▶ [Work task]:
Look below for the lines from the one with "New signs connect a journey" to the one with "Green Lettuce Garden — Stock Photo, Image", and copy exactly those lines, both ends included.
Segment Start: Supplied information
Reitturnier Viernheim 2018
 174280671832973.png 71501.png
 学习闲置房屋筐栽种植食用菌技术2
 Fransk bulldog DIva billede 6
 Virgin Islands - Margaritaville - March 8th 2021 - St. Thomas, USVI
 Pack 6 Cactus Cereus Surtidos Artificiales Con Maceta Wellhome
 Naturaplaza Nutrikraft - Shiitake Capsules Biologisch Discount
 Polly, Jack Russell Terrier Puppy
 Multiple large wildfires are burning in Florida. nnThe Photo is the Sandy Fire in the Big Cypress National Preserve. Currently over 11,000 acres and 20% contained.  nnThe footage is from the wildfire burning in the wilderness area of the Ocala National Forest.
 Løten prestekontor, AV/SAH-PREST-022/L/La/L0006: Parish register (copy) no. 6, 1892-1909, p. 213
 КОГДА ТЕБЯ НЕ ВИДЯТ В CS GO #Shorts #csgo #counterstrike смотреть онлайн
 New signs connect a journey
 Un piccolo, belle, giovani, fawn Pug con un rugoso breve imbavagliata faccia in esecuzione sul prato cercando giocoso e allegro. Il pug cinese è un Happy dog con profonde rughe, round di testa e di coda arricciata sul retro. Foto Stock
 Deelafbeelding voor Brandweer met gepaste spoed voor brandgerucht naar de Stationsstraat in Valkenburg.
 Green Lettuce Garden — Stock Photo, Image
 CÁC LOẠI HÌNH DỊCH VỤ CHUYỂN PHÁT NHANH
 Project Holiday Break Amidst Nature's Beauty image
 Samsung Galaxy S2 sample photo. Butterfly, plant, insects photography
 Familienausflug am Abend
Segment End: Supplied information
▶ [Response to this task]:
 New signs connect a journey
 Un piccolo, belle, giovani, fawn Pug con un rugoso breve imbavagliata faccia in esecuzione sul prato cercando giocoso e allegro. Il pug cinese è un Happy dog con profonde rughe, round di testa e di coda arricciata sul retro. Foto Stock
 Deelafbeelding voor Brandweer met gepaste spoed voor brandgerucht naar de Stationsstraat in Valkenburg.
 Green Lettuce Garden — Stock Photo, Image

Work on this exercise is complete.